■ EXERCISE MATERIALS:
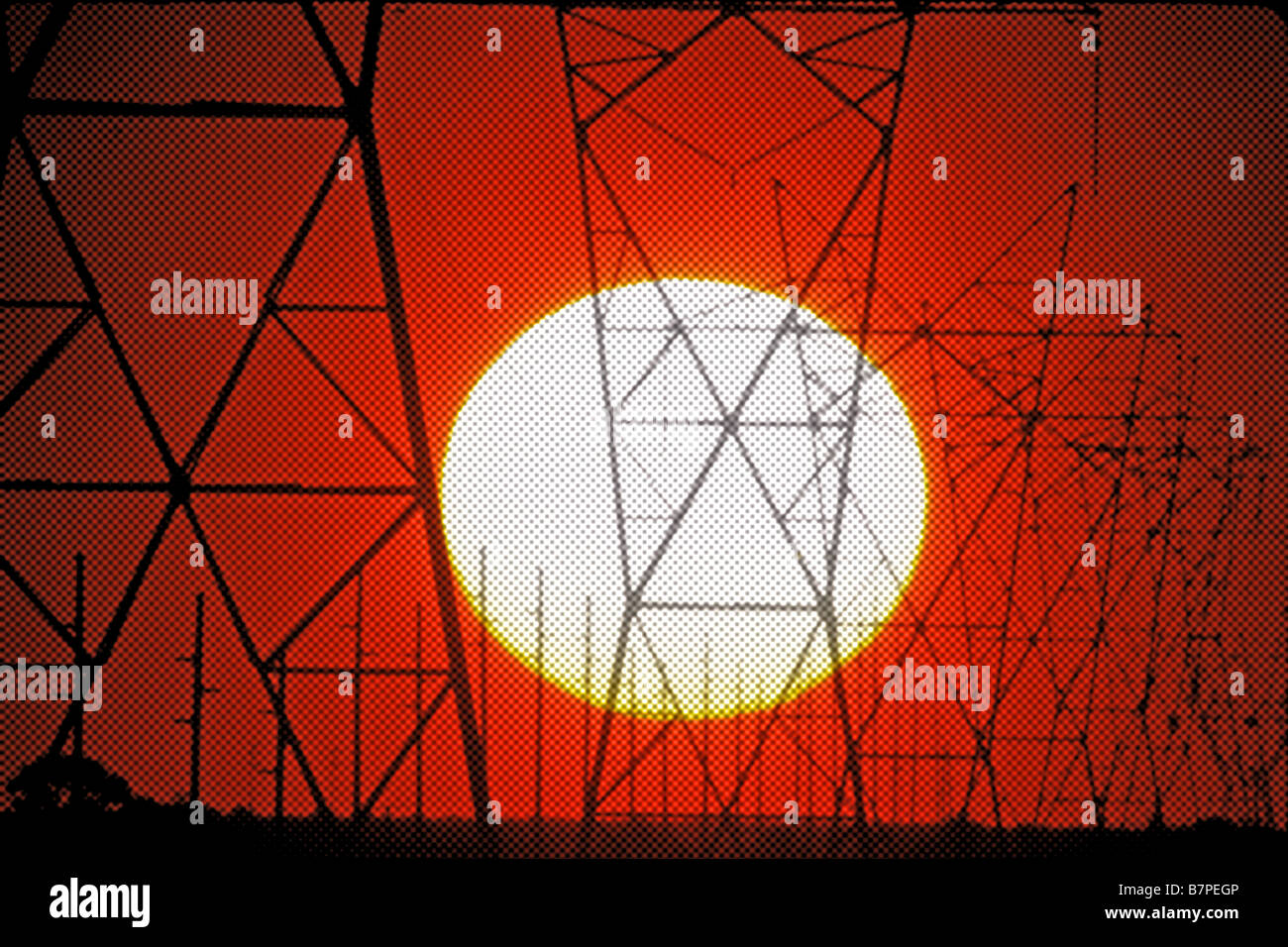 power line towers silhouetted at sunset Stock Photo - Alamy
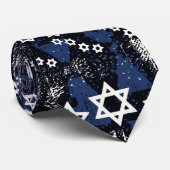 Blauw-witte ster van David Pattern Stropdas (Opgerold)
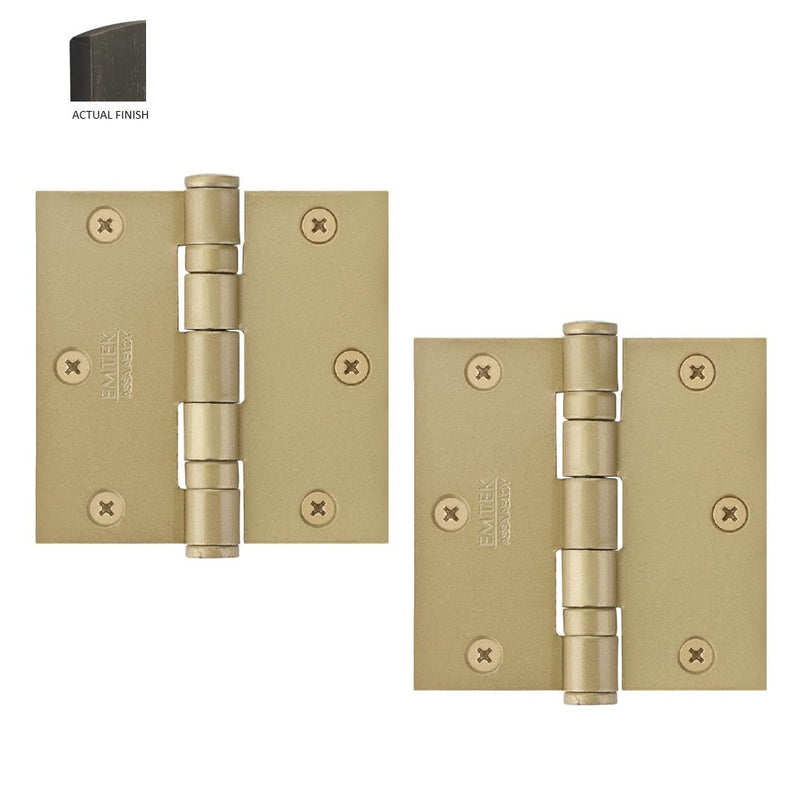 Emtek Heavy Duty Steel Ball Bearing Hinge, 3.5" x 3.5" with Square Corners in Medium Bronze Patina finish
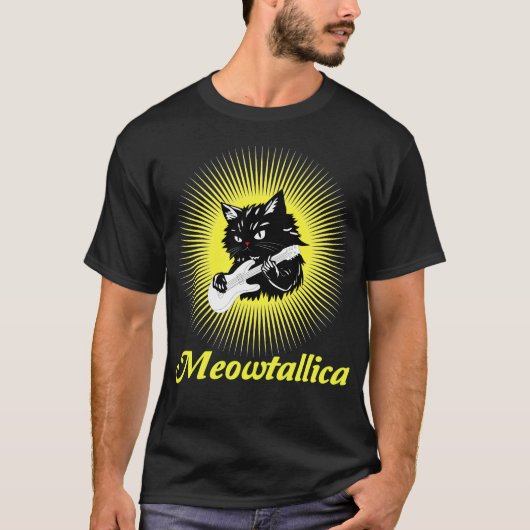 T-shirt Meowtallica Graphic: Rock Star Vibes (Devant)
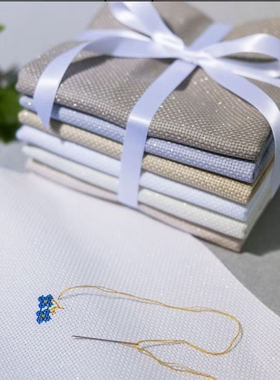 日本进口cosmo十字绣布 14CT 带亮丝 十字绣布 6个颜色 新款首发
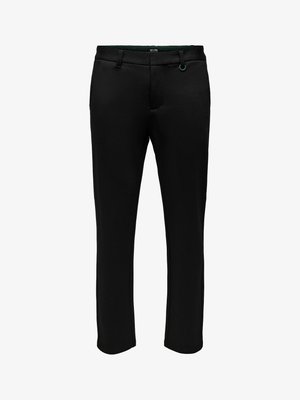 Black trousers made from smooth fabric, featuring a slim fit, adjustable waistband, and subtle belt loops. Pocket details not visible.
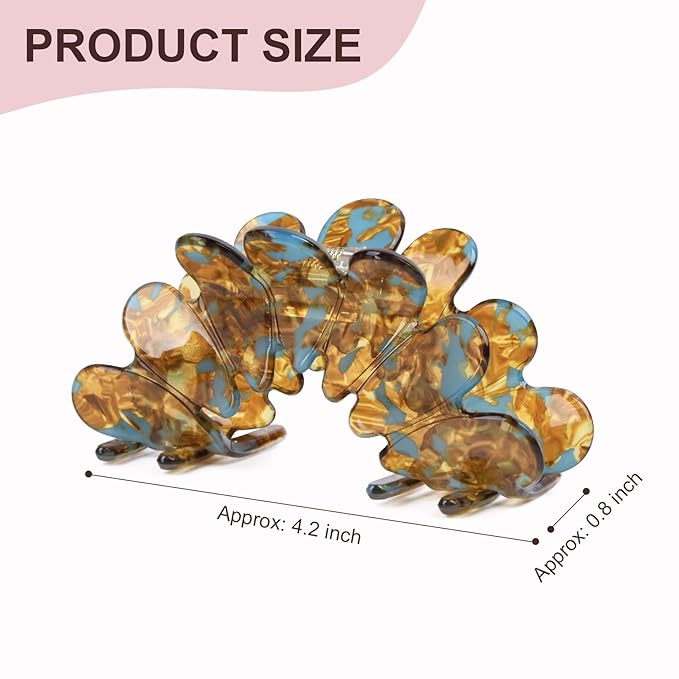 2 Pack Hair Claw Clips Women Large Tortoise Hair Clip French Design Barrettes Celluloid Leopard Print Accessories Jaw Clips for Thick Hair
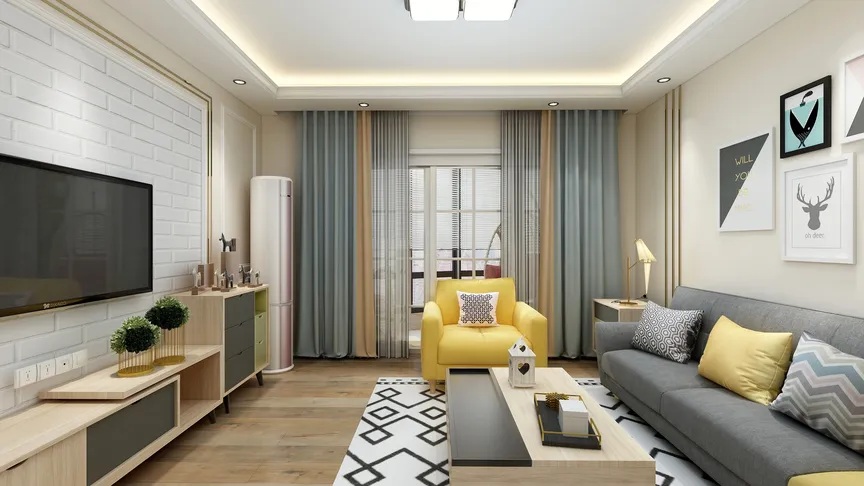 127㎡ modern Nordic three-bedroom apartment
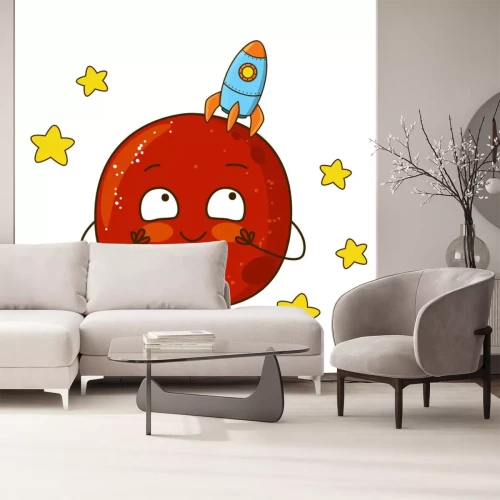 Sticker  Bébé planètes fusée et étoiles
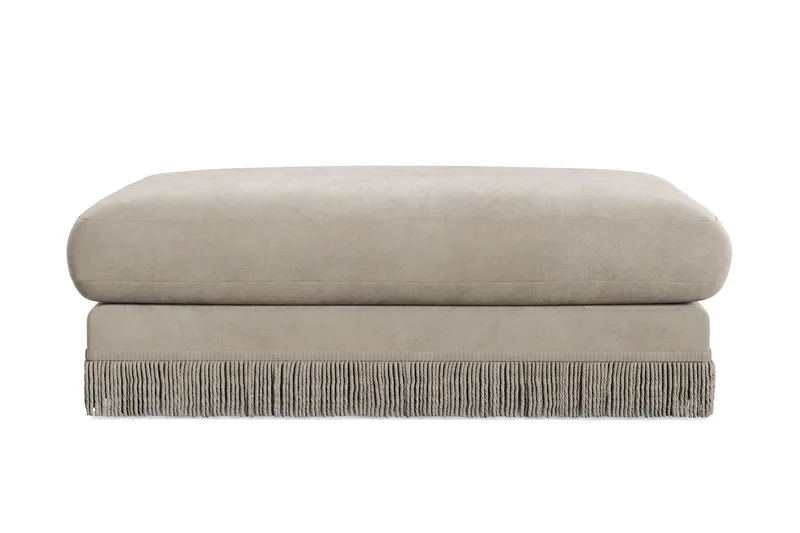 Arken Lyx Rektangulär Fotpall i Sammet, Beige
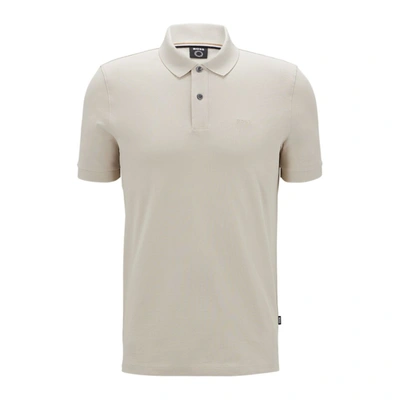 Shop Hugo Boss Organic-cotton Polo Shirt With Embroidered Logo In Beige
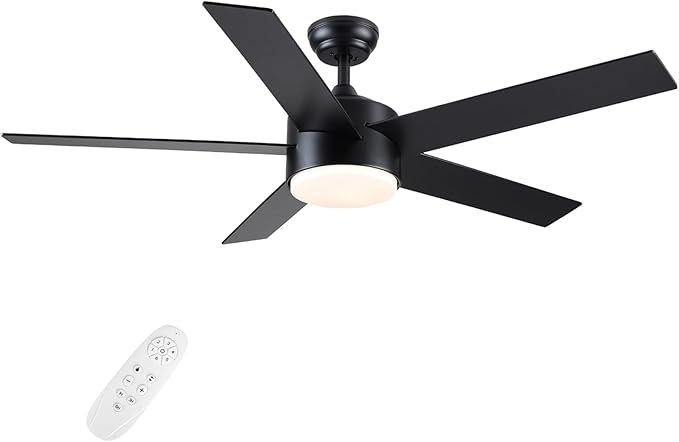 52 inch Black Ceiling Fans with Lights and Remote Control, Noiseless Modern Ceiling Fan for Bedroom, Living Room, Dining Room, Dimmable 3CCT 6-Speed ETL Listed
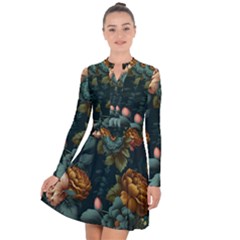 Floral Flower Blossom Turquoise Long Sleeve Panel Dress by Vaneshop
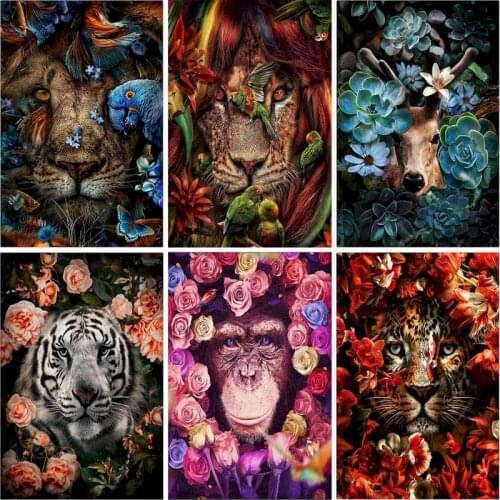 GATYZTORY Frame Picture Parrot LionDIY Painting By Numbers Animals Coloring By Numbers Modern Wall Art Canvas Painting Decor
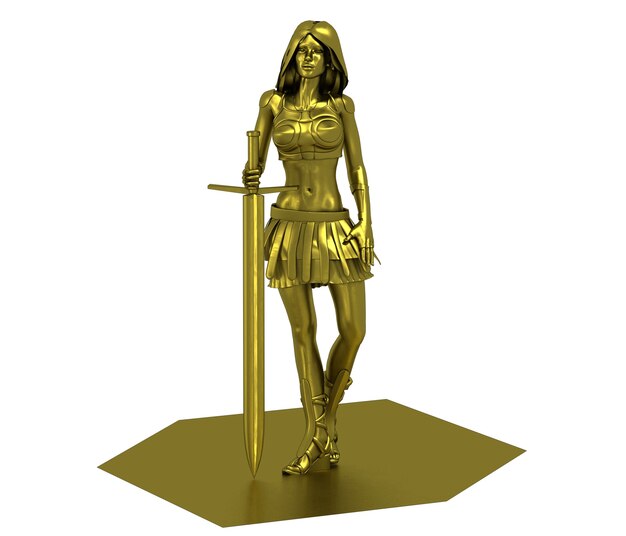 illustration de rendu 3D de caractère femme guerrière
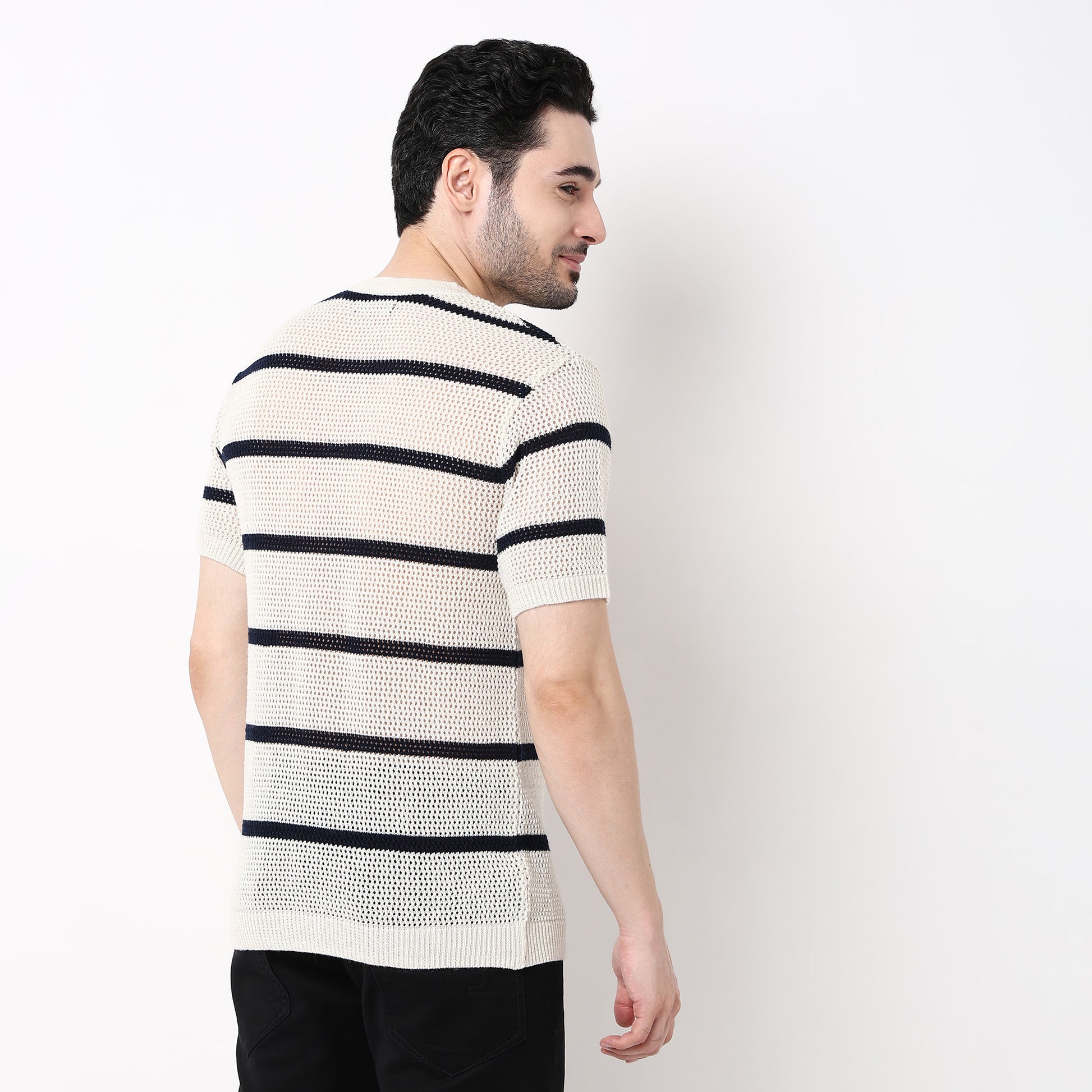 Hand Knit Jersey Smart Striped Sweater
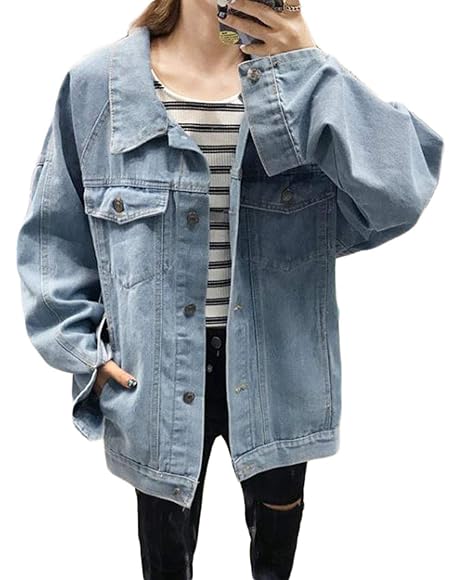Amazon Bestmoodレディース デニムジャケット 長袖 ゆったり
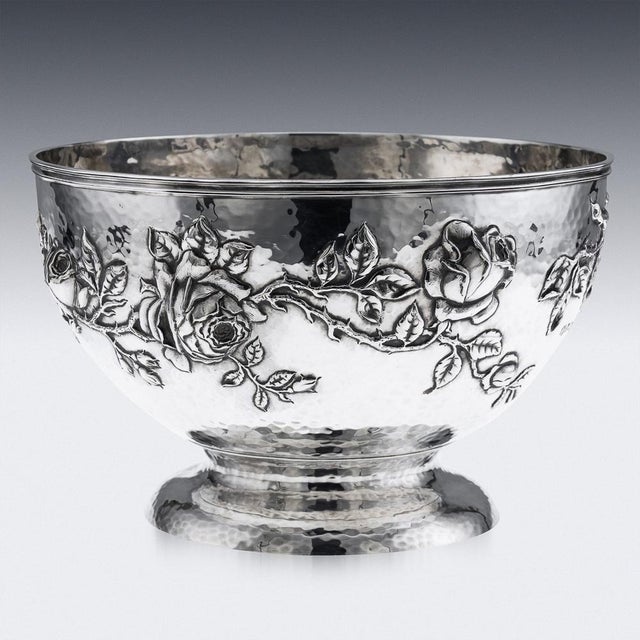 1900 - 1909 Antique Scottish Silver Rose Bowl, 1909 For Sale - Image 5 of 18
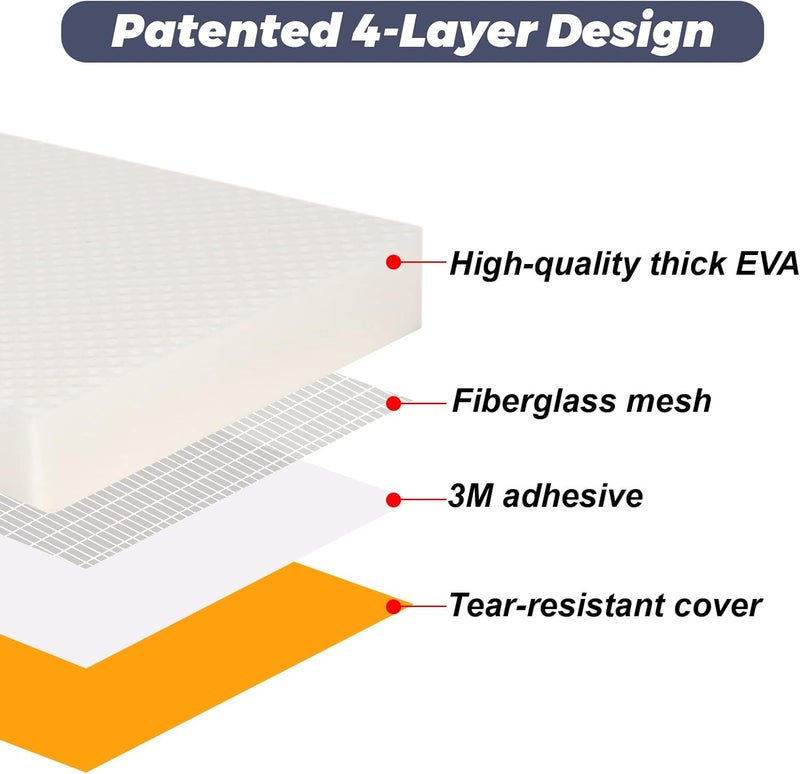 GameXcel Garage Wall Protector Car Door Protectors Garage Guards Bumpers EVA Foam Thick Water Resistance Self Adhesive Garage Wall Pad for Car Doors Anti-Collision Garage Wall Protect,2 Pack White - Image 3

■ ACTIVITY: Print every entry above verbatim but drop the images.

■ RESULT BELOW:
 power line towers silhouetted at sunset Stock Photo - Alamy
 Blauw-witte ster van David Pattern Stropdas (Opgerold)
 Emtek Heavy Duty Steel Ball Bearing Hinge, 3.5" x 3.5" with Square Corners in Medium Bronze Patina finish
 T-shirt Meowtallica Graphic: Rock Star Vibes (Devant)
 日本进口cosmo十字绣布 14CT 带亮丝 十字绣布 6个颜色 新款首发
 Black trousers made from smooth fabric, featuring a slim fit, adjustable waistband, and subtle belt loops. Pocket details not visible.
 2 Pack Hair Claw Clips Women Large Tortoise Hair Clip French Design Barrettes Celluloid Leopard Print Accessories Jaw Clips for Thick Hair
 127㎡ modern Nordic three-bedroom apartment
 Sticker  Bébé planètes fusée et étoiles
 Arken Lyx Rektangulär Fotpall i Sammet, Beige
 Shop Hugo Boss Organic-cotton Polo Shirt With Embroidered Logo In Beige
 52 inch Black Ceiling Fans with Lights and Remote Control, Noiseless Modern Ceiling Fan for Bedroom, Living Room, Dining Room, Dimmable 3CCT 6-Speed ETL Listed
 Floral Flower Blossom Turquoise Long Sleeve Panel Dress by Vaneshop
 GATYZTORY Frame Picture Parrot LionDIY Painting By Numbers Animals Coloring By Numbers Modern Wall Art Canvas Painting Decor
 illustration de rendu 3D de caractère femme guerrière
 Hand Knit Jersey Smart Striped Sweater
Amazon Bestmoodレディース デニムジャケット 長袖 ゆったり
 1900 - 1909 Antique Scottish Silver Rose Bowl, 1909 For Sale - Image 5 of 18
 GameXcel Garage Wall Protector Car Door Protectors Garage Guards Bumpers EVA Foam Thick Water Resistance Self Adhesive Garage Wall Pad for Car Doors Anti-Collision Garage Wall Protect,2 Pack White - Image 3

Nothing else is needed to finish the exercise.